Night and Fog in Zona, through the eyes of Wang Bing

It’s always fascinating when cinema reflects on cinema, and even more so when a documentary whose subject is director Wang Bing reflects on itself. Night and Fog in Zona is a documentary, or better yet a cine-essay as it is called by its author: South Korean critic turned director Jeong Sung-il, who follows the renowned Chinese filmmaker throughout a whole winter while he works on two of his projects, ‘Til Madness Do Us Part and a sequel to his Three Sisters.

The “coming” of Wang Bing has been, and still is, one of the most important events that occurred in the world of cinema during the last 15 years: not only did he contribute asserting the aesthetic value of digital filmmaking, but with his documentaries he also brought an auroral and liberating gaze upon the world.

It’s thus interesting that Jeong Sung-il had the same kind of dawning experience watching West of the tracks in 2001. “When I was at the Rotterdam Film Festival I bought a ticket for a movie 9 hours and 10 minutes long, I was surprised by its length but went anyway. It begins with a train in movement and it reminded me of the first movie ever made by the Lumière brothers in 1895. Watching Wang Bing’s work I had the feeling of witnessing the cinema of 21st Century just like the audience in 1895 witnessed its birth.”

There’s no narration in Night and Fog in Zona, everything – to be honest not so much – is explained with intertitles: geographical coordinates, places where Wang Bing is headed to, his plans. Sometimes these intertitles also work as a poetic comment to the following scene.

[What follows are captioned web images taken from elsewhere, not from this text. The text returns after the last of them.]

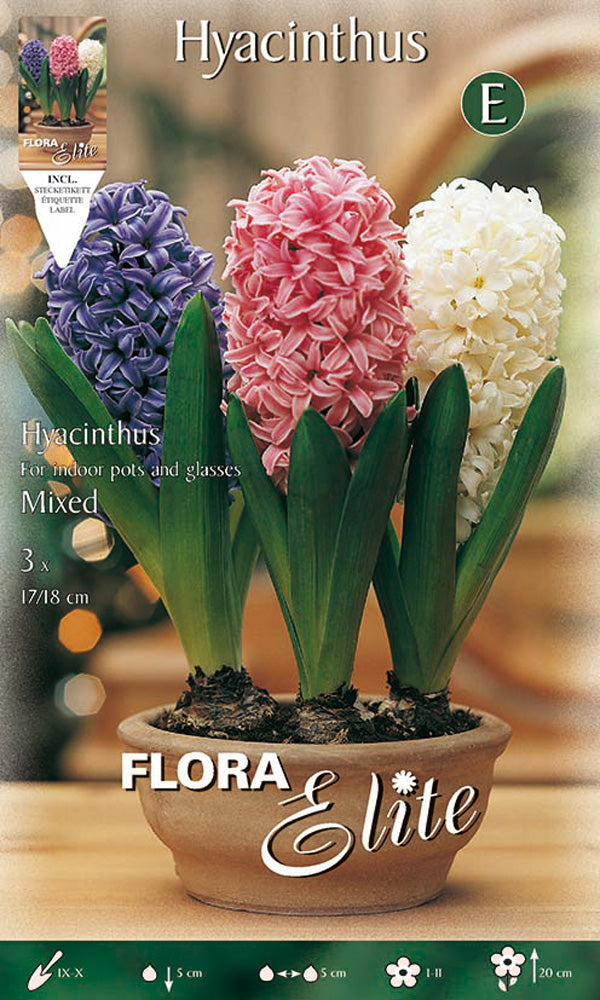 GIACINTO MIXED (CONFEZIONE DA 3 BULBI)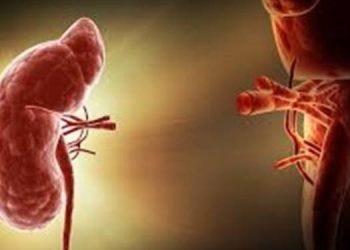 Common Causes of Kidney Disease and How to Prevent Them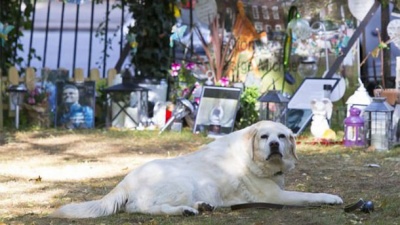 Новий Хатіко: пес Джорджа Майкла вже кілька місяців чекає на хазяїна біля його меморіалу (ФОТО)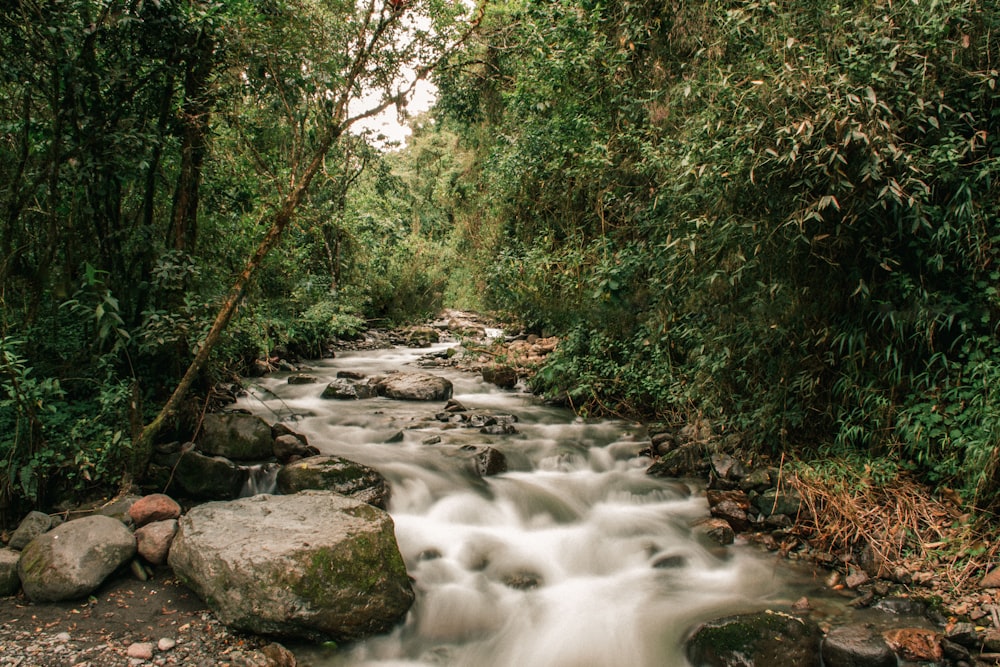 a river running through a lush green forest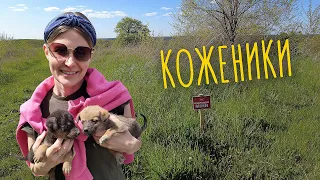 Вечірка в Княжичах, знайшли десять песиків в Кожениках 🐶 ТижнеWeek #32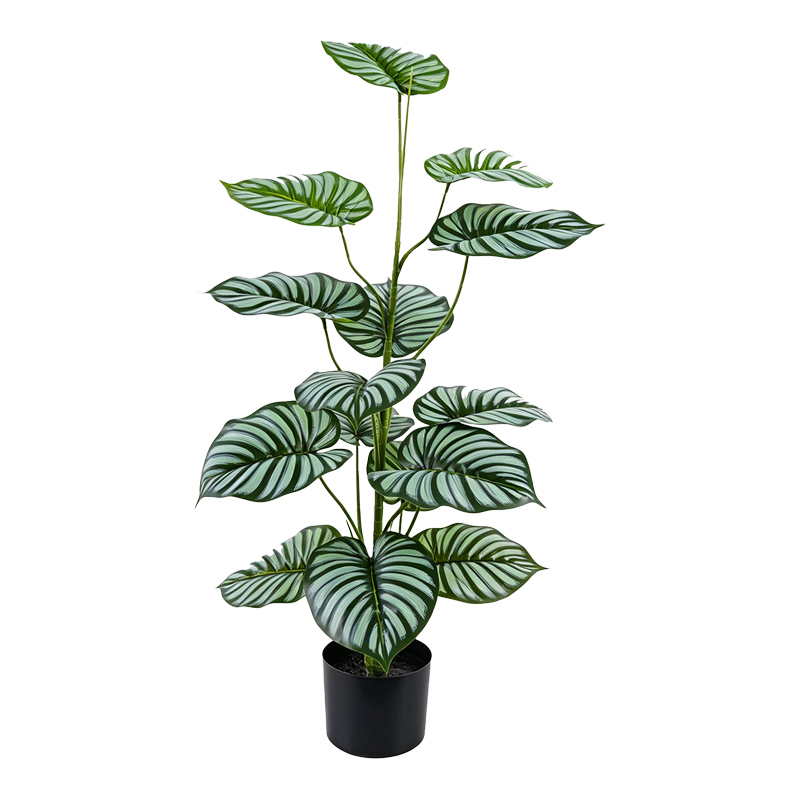Decorative plant in a pot Oleanthy green 45x38x100cm Decorative plant in a pot Oleanthy green 45x38x100cm - Image 1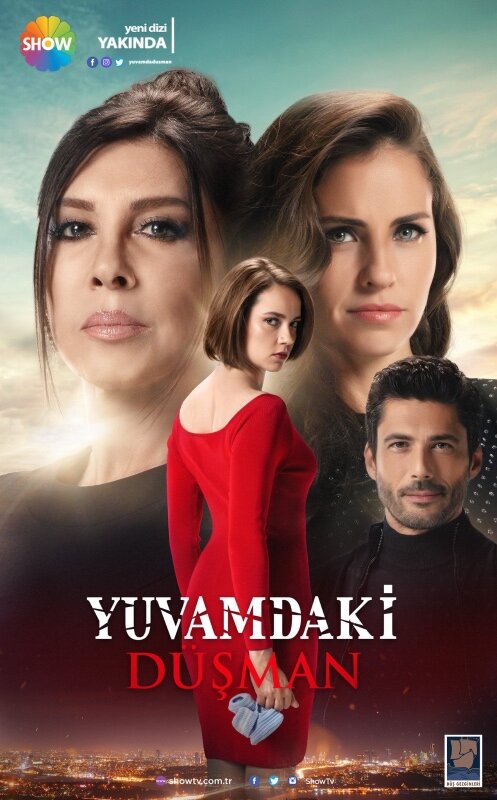 Постер сериала Враг в моем доме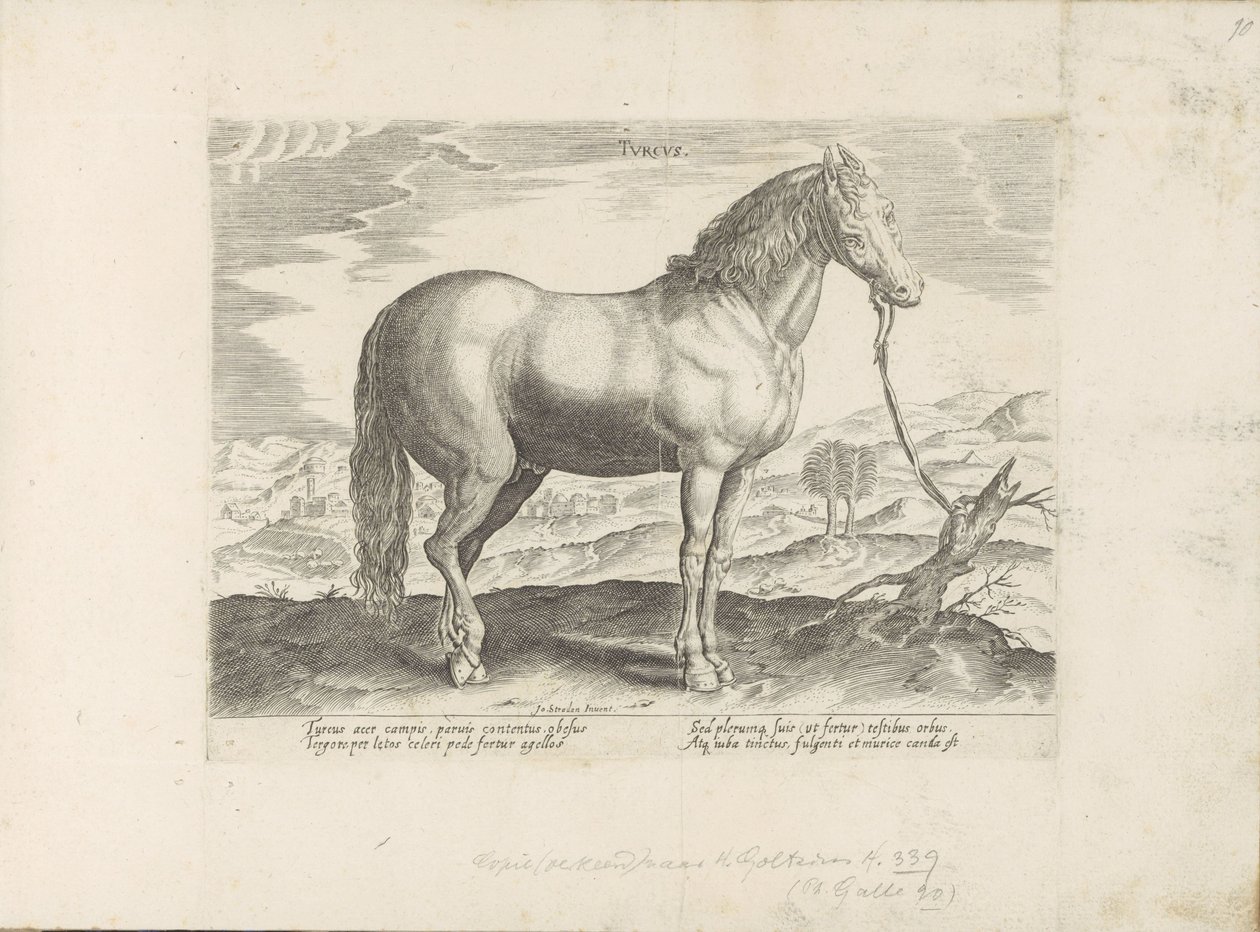 Paard uit Turkije التركية (العنوان على الكائن) Paardenrassen uit de Koninklijke stallen van Don Juan van Oostenrijk (عنوان المسلسل) الحصان الذي فيه جميع أنواع النبلاء: تم اختيار سلوك خيول متميز من مختلف أنحاء العالم (...) (عنوان السلسلة على obje بواسطة مجهول
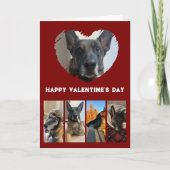 Niedliche Hundfoto-Collage, Einfache Rote Valentin Karte (Vorderseite)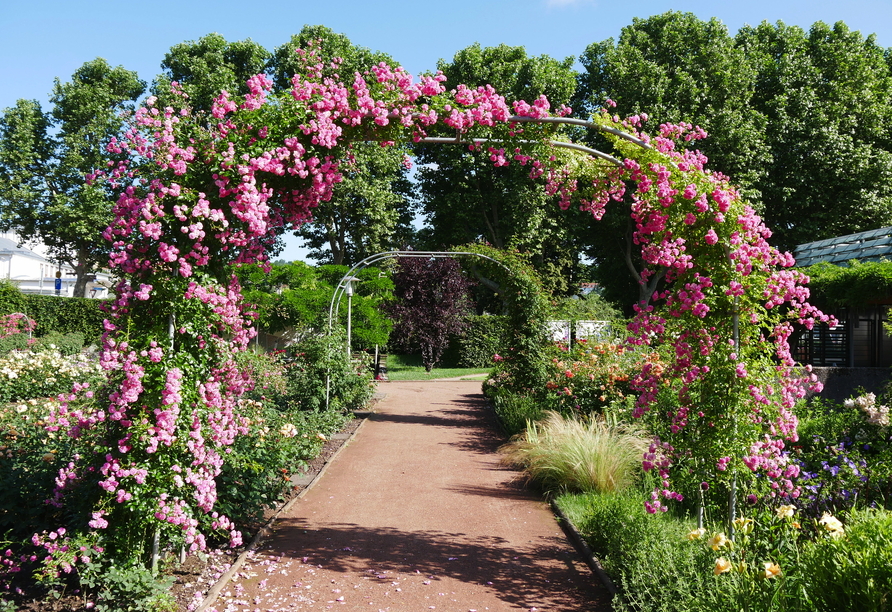 Machen Sie einen Ausflug in den herrlichen Rosengarten in Zweibrücken.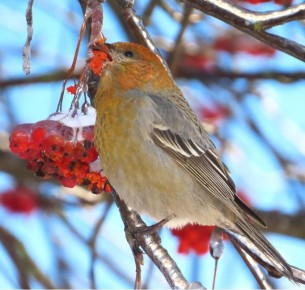 �������� ������ ������, ������!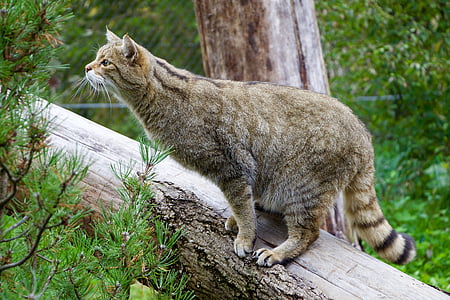 brown cat standing on brown trunk thumbnail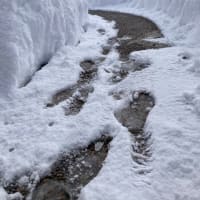 大雪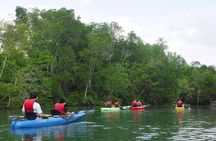 Mangrove Kayaking Adventure in Singapore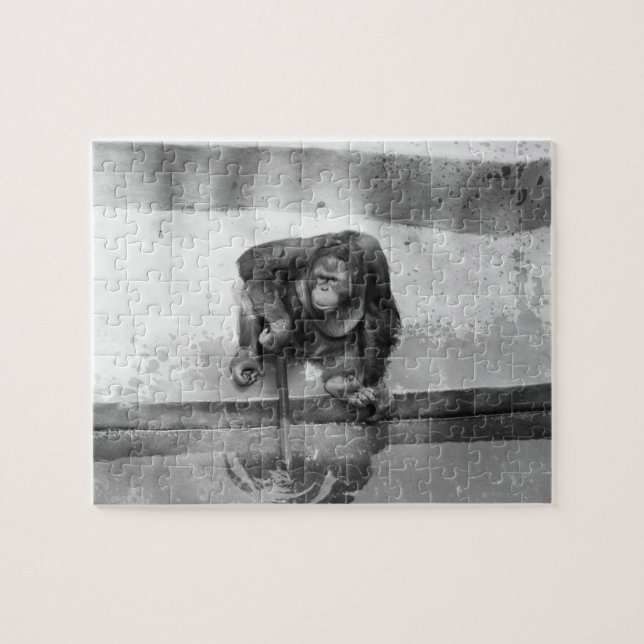 Orangutan Jigsaw Puzzle (Horizontal)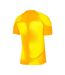 Mens Gardien Iv Goalkeeper Jersey Yellow Nike-2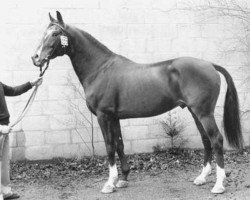 stallion Makelaar (Holsteiner, 1971, from Sable Skinflint xx)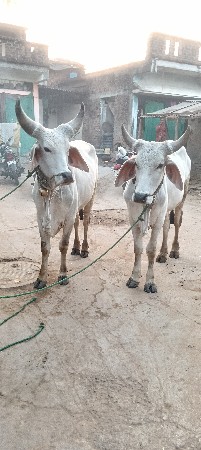 2 દાતે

The only time when Wang Bing speaks directly to the camera in an interview-like fashion is at the very beginning of the film, a sequence that works as a brief introduction to his world and his filmmaking style. A few minutes where, among other things, he talks about his filmmaking process, truth in cinema, the impossibility of conveying the totality, his projects, Chinese history and peasants, and the similar cultural background his generation shares with Andrei Tarkovsky.

In the course of almost 4 hours – 235 minutes that however pass very quickly – Night and Fog in Zona encapsulates a lot about Wang Bing’s approach to making a movie: we slowly learn about his habit of taking pictures of the people he films, of talking friendly to them, and about his “interview technique” where he switches from “chatting with” to “shooting at” very smoothly, as if there was a continuity between the two actions.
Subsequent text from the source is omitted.